Exercise brief: Give back exactly the lines from the one containing "MINI SIGNATURE POCKET" through the end of the records, including both, and no others.

Caption-style text data:
---+---

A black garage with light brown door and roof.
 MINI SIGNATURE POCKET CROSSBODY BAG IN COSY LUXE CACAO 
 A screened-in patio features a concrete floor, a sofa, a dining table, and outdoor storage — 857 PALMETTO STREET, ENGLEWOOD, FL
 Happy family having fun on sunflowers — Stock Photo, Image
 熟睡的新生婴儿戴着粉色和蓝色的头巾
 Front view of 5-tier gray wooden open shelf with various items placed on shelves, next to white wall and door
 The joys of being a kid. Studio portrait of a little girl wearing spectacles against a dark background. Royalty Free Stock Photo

---+---

Reply:
 MINI SIGNATURE POCKET CROSSBODY BAG IN COSY LUXE CACAO 
 A screened-in patio features a concrete floor, a sofa, a dining table, and outdoor storage — 857 PALMETTO STREET, ENGLEWOOD, FL
 Happy family having fun on sunflowers — Stock Photo, Image
 熟睡的新生婴儿戴着粉色和蓝色的头巾
 Front view of 5-tier gray wooden open shelf with various items placed on shelves, next to white wall and door
 The joys of being a kid. Studio portrait of a little girl wearing spectacles against a dark background. Royalty Free Stock Photo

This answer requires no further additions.